> [ACTIVITY]: Without the images, print every line of the material below exactly as given.

> [DATA SEGMENT]:

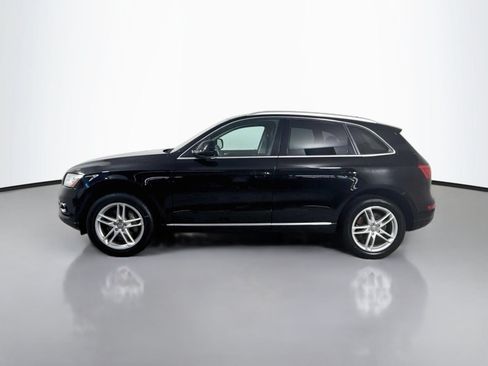 Used 2014 Audi Q5 TDI Premium Plus AWD/4WD image 2
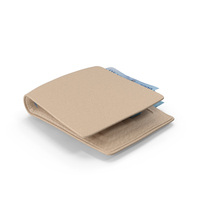 Wallet Cream Close Bill Nigerian 1000 Naira Money PNG & PSD Images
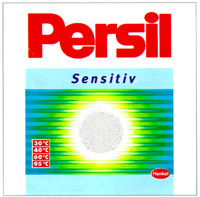 Persil Sensitiv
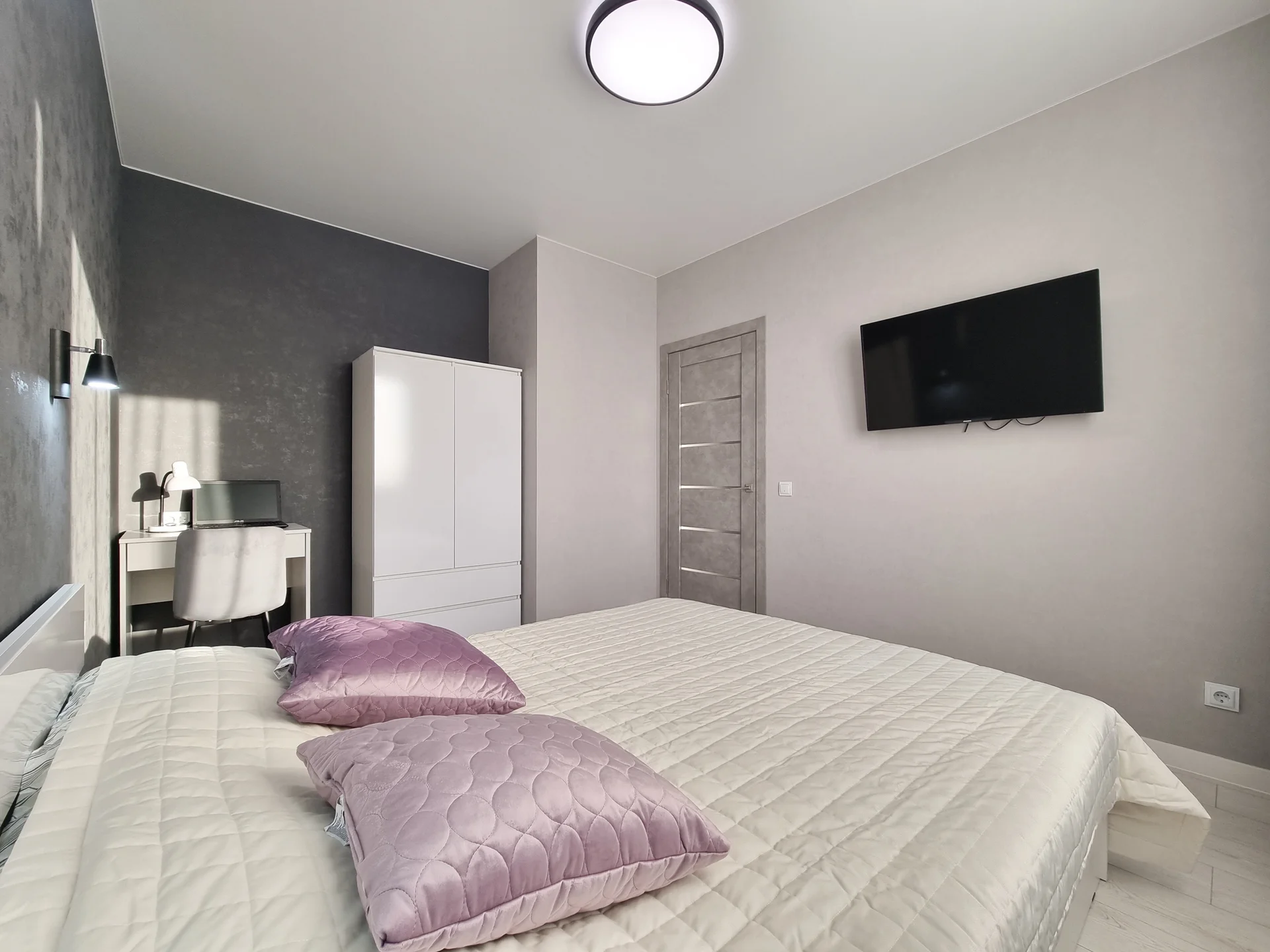 LovelyHome39 ЖК "Нахимовский квартал" - миниатюра 4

> [ANSWER BOX]:
 Used 2014 Audi Q5 TDI Premium Plus AWD/4WD image 2
 Wallet Cream Close Bill Nigerian 1000 Naira Money PNG & PSD Images
 Persil Sensitiv
 LovelyHome39 ЖК "Нахимовский квартал" - миниатюра 4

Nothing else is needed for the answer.